Cost-Efficient Subjective Task Annotation and Modeling through Few-Shot Annotator Adaptation

Preni Golazizian, Alireza S. Ziabari, Ali Omrani, Morteza Dehghani

In subjective NLP tasks, where a single ground truth does not exist, the inclusion of diverse annotators becomes crucial as their unique perspectives significantly influence the annotations. In realistic scenarios, the annotation budget often becomes the main determinant of the number of perspectives (i.e., annotators) included in the data and subsequent modeling. We introduce a novel framework for annotation collection and modeling in subjective tasks that aims to minimize the annotation budget while maximizing the predictive performance for each annotator. Our framework has a two-stage design: first, we rely on a small set of annotators to build a multitask model, and second, we augment the model for a new perspective by strategically annotating a few samples per annotator.
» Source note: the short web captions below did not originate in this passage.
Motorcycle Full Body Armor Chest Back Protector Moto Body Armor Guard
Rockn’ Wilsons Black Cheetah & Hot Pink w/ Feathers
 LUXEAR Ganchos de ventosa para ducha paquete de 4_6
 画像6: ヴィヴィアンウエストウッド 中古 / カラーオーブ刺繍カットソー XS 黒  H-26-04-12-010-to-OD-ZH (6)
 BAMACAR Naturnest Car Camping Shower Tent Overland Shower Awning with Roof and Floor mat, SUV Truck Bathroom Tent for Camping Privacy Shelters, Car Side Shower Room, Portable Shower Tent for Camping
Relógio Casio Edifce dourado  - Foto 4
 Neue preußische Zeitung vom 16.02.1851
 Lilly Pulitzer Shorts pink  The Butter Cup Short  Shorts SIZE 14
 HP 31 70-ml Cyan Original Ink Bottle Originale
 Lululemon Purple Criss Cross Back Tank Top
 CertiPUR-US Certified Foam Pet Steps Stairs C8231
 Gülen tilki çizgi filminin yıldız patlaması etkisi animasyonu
To test our framework at scale, we introduce and release a unique dataset, Moral Foundations Subjective Corpus, of 2000 Reddit posts annotated by 24 annotators for moral sentiment. We demonstrate that our framework surpasses the previous SOTA in capturing the annotators' individual perspectives with as little as 25% of the original annotation budget on two datasets. Furthermore, our framework results in more equitable models, reducing the performance disparity among annotators.

9/6/2024